Each line of the data that includes the string "wearing" is to be copied out.
※
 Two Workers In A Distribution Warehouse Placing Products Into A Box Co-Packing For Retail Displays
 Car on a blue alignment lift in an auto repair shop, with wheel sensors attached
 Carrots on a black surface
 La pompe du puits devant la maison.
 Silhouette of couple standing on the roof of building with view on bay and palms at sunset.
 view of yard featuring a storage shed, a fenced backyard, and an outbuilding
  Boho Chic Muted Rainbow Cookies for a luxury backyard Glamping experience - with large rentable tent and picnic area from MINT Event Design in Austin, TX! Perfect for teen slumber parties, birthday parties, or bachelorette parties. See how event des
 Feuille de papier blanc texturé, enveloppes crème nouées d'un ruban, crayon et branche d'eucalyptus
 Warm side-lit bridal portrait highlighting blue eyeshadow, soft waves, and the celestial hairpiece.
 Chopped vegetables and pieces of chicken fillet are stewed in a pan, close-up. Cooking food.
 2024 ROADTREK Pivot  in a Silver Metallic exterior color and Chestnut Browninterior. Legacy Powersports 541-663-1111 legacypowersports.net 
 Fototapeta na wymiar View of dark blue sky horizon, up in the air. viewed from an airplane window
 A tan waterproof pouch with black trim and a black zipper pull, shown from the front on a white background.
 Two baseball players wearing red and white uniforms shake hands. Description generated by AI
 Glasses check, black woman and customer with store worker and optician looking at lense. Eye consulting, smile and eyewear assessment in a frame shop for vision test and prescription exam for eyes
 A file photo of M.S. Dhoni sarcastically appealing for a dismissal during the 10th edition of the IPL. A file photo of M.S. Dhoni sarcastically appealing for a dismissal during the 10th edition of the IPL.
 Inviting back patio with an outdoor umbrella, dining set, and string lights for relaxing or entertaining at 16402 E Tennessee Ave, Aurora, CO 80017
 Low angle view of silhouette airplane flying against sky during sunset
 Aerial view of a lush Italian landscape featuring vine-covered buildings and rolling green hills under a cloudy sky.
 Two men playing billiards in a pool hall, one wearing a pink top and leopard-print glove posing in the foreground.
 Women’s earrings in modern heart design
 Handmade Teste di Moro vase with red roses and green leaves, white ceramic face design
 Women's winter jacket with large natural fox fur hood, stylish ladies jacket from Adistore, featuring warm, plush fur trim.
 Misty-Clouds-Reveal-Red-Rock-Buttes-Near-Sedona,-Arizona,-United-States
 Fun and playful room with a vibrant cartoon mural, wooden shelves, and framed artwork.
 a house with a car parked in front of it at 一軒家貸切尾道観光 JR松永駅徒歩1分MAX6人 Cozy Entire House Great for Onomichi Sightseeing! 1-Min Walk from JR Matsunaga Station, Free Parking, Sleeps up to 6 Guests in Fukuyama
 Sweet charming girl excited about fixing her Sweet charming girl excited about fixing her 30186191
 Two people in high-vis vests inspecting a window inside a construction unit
※
## Exercise answer:
 Two baseball players wearing red and white uniforms shake hands. Description generated by AI
 Two men playing billiards in a pool hall, one wearing a pink top and leopard-print glove posing in the foreground.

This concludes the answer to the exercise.